Henry exercised his already considerable political influence to ensure that the exact location of the freeway would be advantageous to South Coast Plaza. The company archives include documents revealing Segerstrom’s acute attention directed toward the location and design of the freeway, down to the nuances of the exit and entrance ramps near South Coast Plaza.

Henry Segerstrom’s influence was born out of his civic involvement since his return from World War II. He was a transit organizer as early as 1949, promoting road construction and improved traffic flow. He was influential in the founding of Orange County bus lines, such as Santa Ana Transit, a small transit agency with five bus routes.

In the late 1960s soon after South Coast Plaza opened, there was a movement to split Orange County away from the Southern California Rapid Transit District, the predecessor to today’s LA Metro, the major operator of bus and rail service in Los Angeles. Henry Segerstrom was the chair of the Orange County independence committee that led the fight to “get out from under LA’s thumb.” The successful Orange County referendum spearheaded by Segerstrom led to a state law that created the Orange County Transportation District, which held its first board meeting January of 1971. Today it’s evolved into the Orange County Transportation Authority.

In the 1990s, Henry participated with other business leaders in leading efforts to pass Measure M, which would add a half-cent sales tax in Orange County to build roads, improve freeways and support rail and bus transit. County voters had twice rejected transportation sales levies, and as a reporter at the time put it, “are famous for pulling the plug on anything that hints at higher taxes.”

The referendum passed, resulting in more than $4 billion in transportation improvements over the 20 year life of the measure, including adding 192 freeway lane miles, improving 170 intersections and 38 freeway interchanges, and implementing Metrolink service in Orange County.
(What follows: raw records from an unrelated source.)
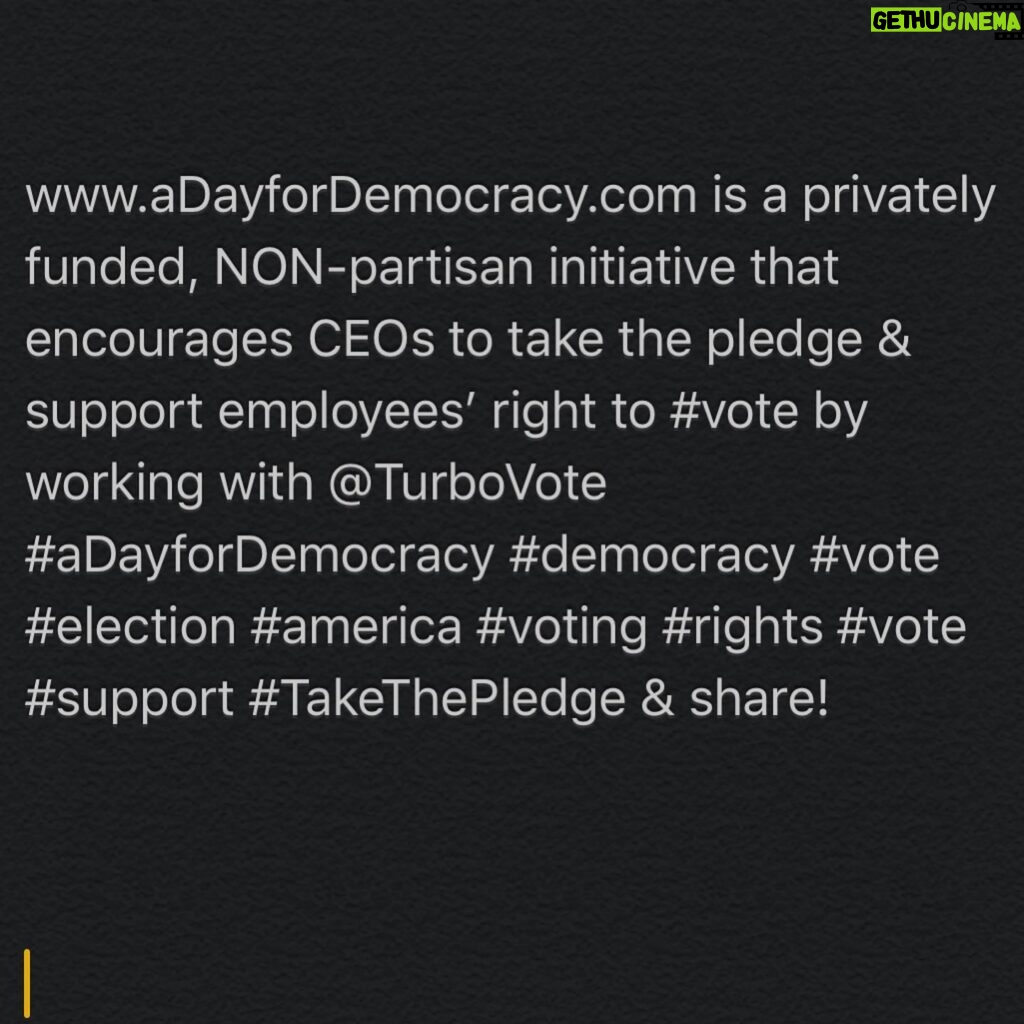 Eliza Dushku Instagram - www.aDayforDemocracy.com is a privately funded, NON-partisan initiative that encourages CEOs to take the pledge & support employees’ right to #vote by working with @TurboVote #aDayforDemocracy #democracy #vote #election #america #voting #rights #vote #support #TakeThePledge & share! LINK IN BIO! 🇺🇸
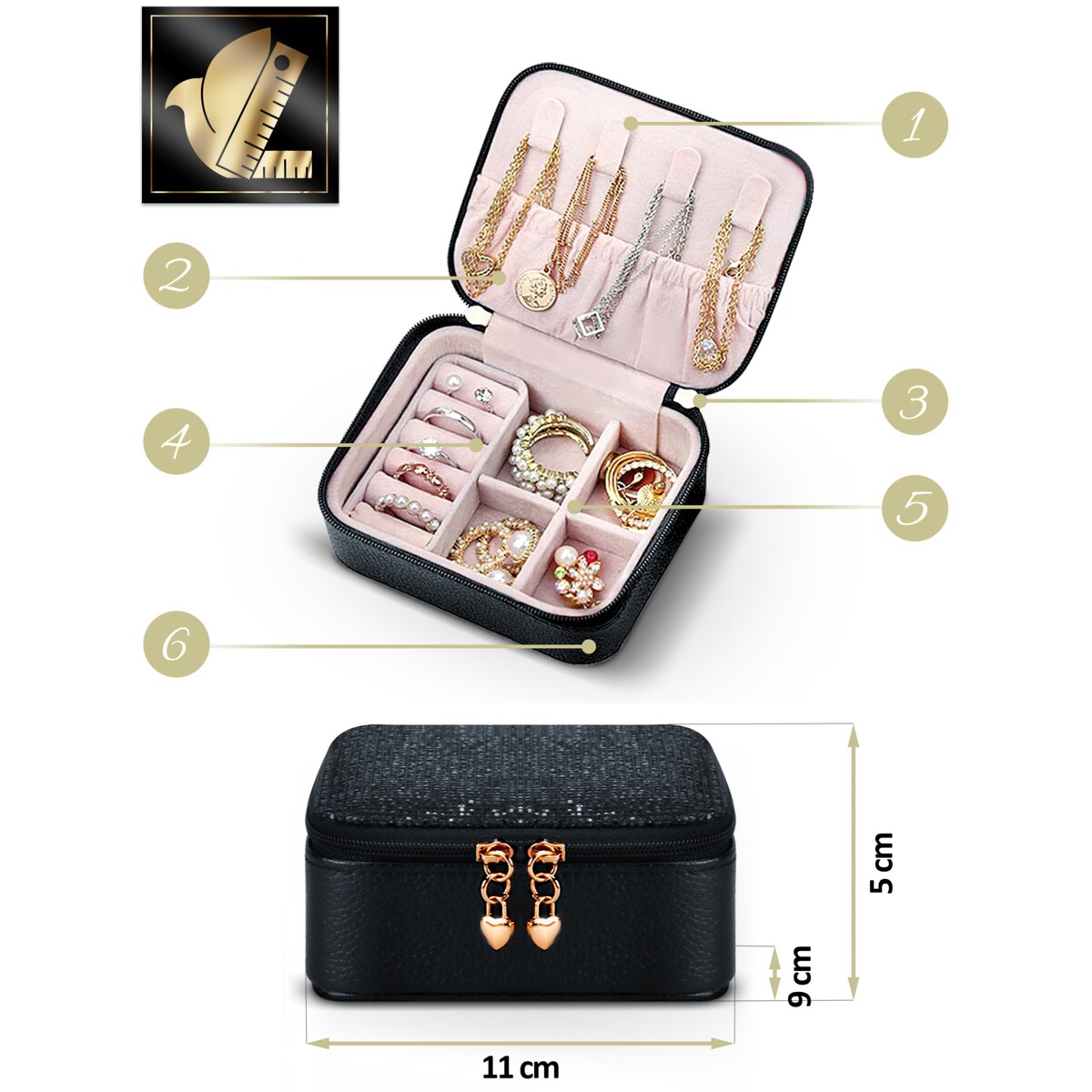 Szkatułka na biżuterię skrzynka pudełko kuferek Massido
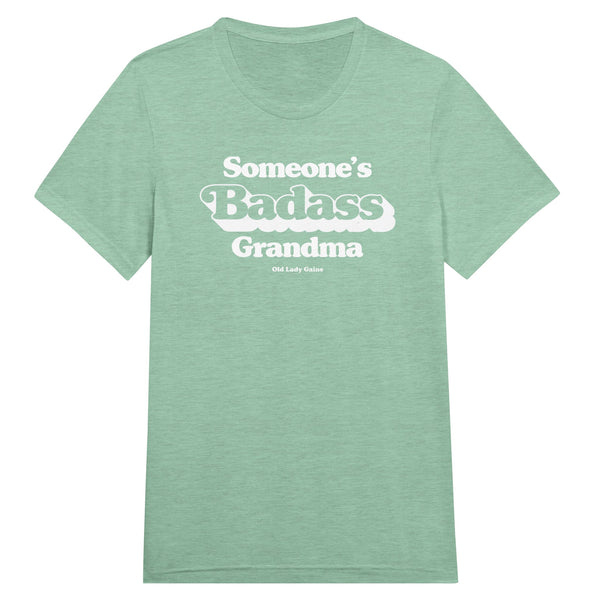 Front view of Someone’s Badass Grandma triblend unisex t-shirt by Old Lady Gains, heather mint soft fit.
Voters renewed the sales tax for transportation improvements in 2006 for another 30 years.

“We were the first metropolitan area in the state to tax ourselves to build freeways Henry said about Measure M’s approval by county voters known to be tax averse. “We have been a community that has a reputation as being ultraconservative. But my interpretation of conservative is that Orange County believes in doing good things politically for the benefit of your community and its citizens. It wasn’t blocking passage of progressive actions by government. It was instead encouraging private enterprise to work with the public agencies to get things done—and we did.”

Ralph Clark, an Orange County politician often dubbed the “godfather of public transit in Orange County,” would credit Henry Segerstrom as being the true father of transit in the region.